Pictures excluded, copy word for word the lines from the one holding "STANGER BestMark M235" through the last line below.

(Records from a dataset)
▶

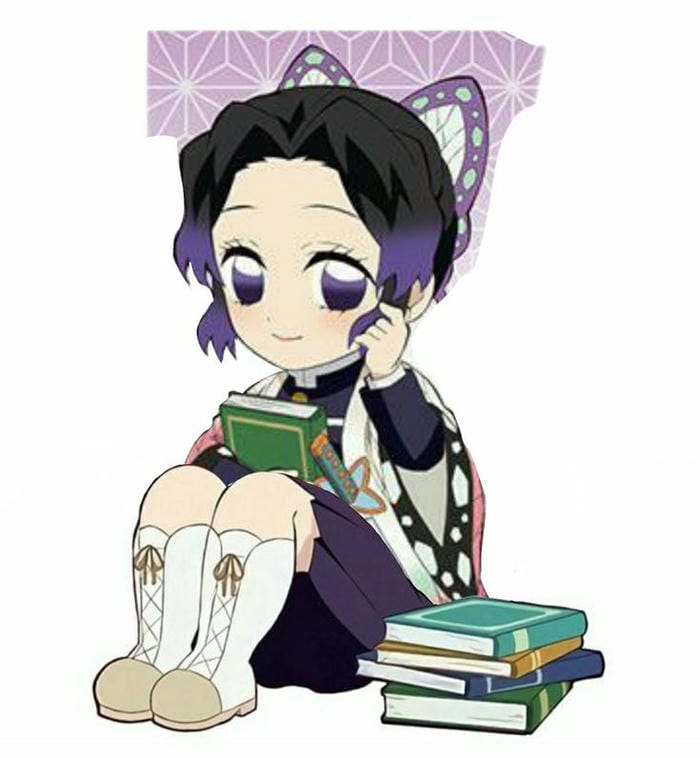Shinobu Chibi Cute – Khi Nụ Cười Dịu Dàng Gây Sát Thương Gấp Đôi 4 Ảnh chibi Shinobu Kocho đơn giản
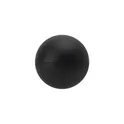 Variante noir - Boule de Noël personnalisable en plastique recyclé - Logo inclus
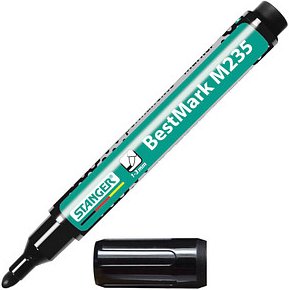 STANGER BestMark M235 Permanentmarker schwarz 1,0 - 3,0 mm, 1 St.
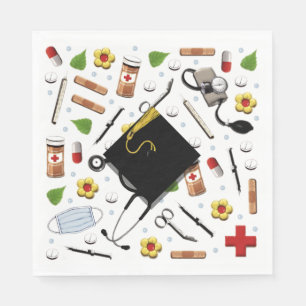 Nurse Abschluss Serviette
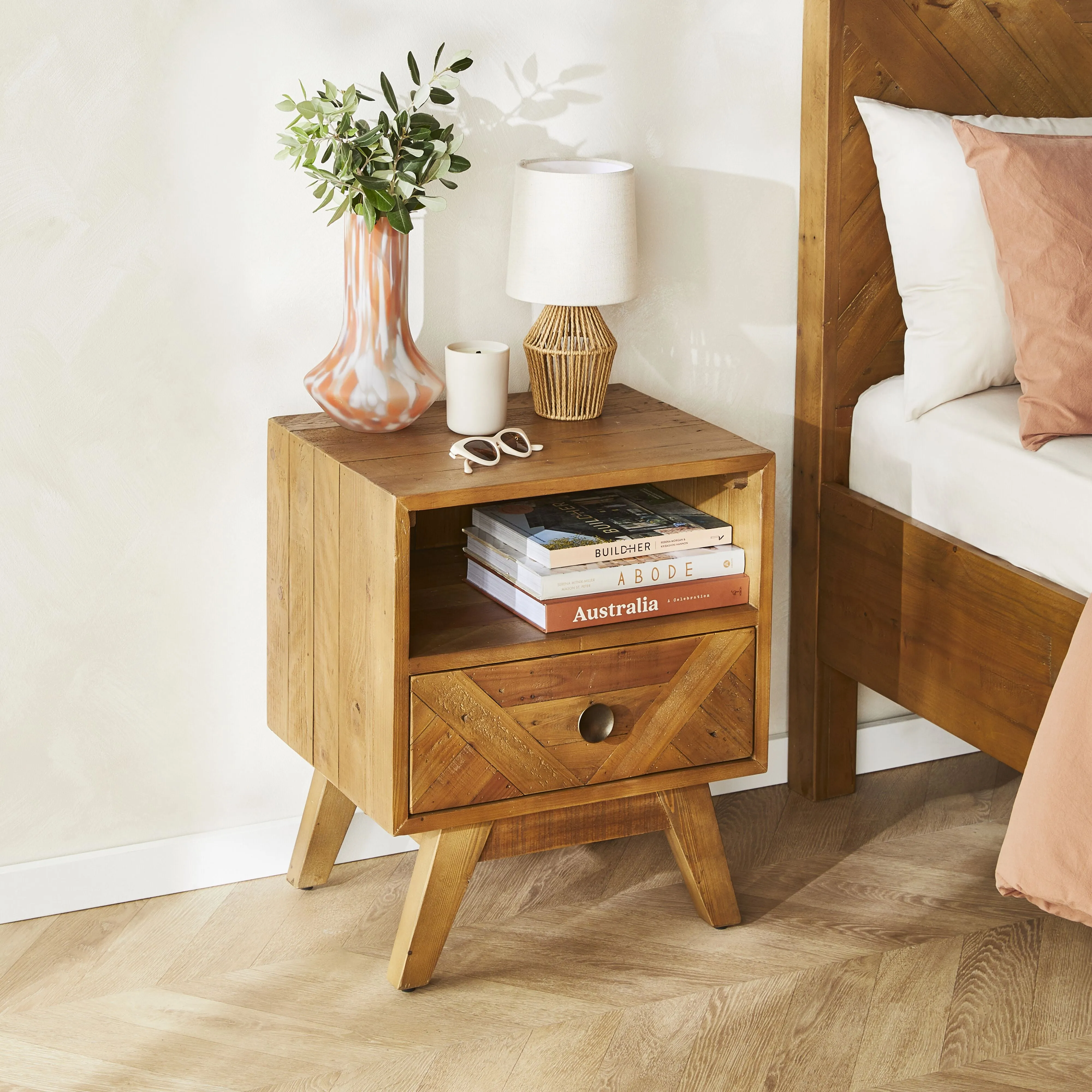 Dawson Reclaimed Timber Bedside Table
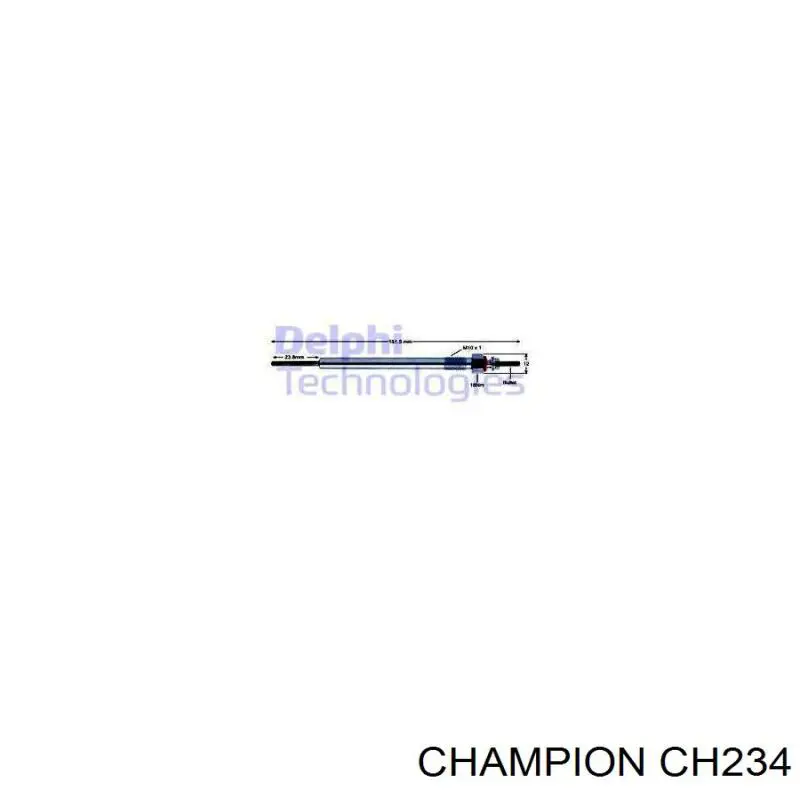 Bujía de precalentamiento Champion CH234
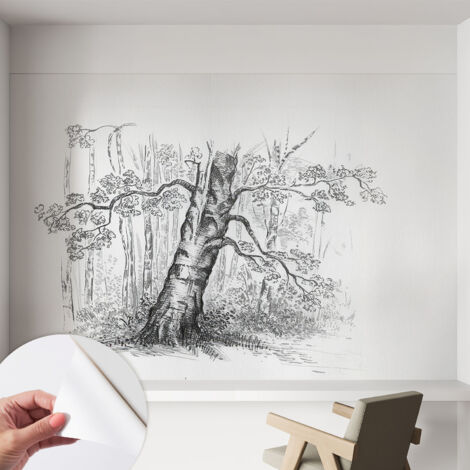 Tapete Selbstklebend - Wandtapete modern - Tapete mit Motiv - Tapete Schlafzimmer Waldbaum 152x104 cm (1/5)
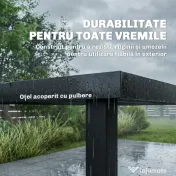 Outsunny Set Mese de Exterior cu Scaune Stivuibile, Gri | Aosom Romania 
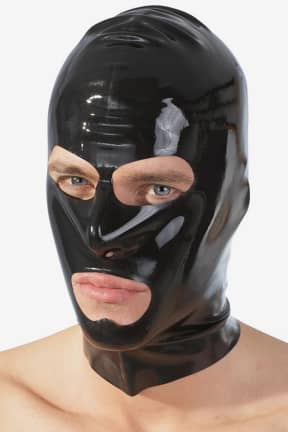 Rollespil Latex Mask Black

◀

● **WRITTEN RESPONSE**:
 STANGER BestMark M235 Permanentmarker schwarz 1,0 - 3,0 mm, 1 St.
 Nurse Abschluss Serviette
 Dawson Reclaimed Timber Bedside Table
 Bujía de precalentamiento Champion CH234
 Tapete Selbstklebend - Wandtapete modern - Tapete mit Motiv - Tapete Schlafzimmer Waldbaum 152x104 cm (1/5)
 Outsunny Set Mese de Exterior cu Scaune Stivuibile, Gri | Aosom Romania 
 Rollespil Latex Mask Black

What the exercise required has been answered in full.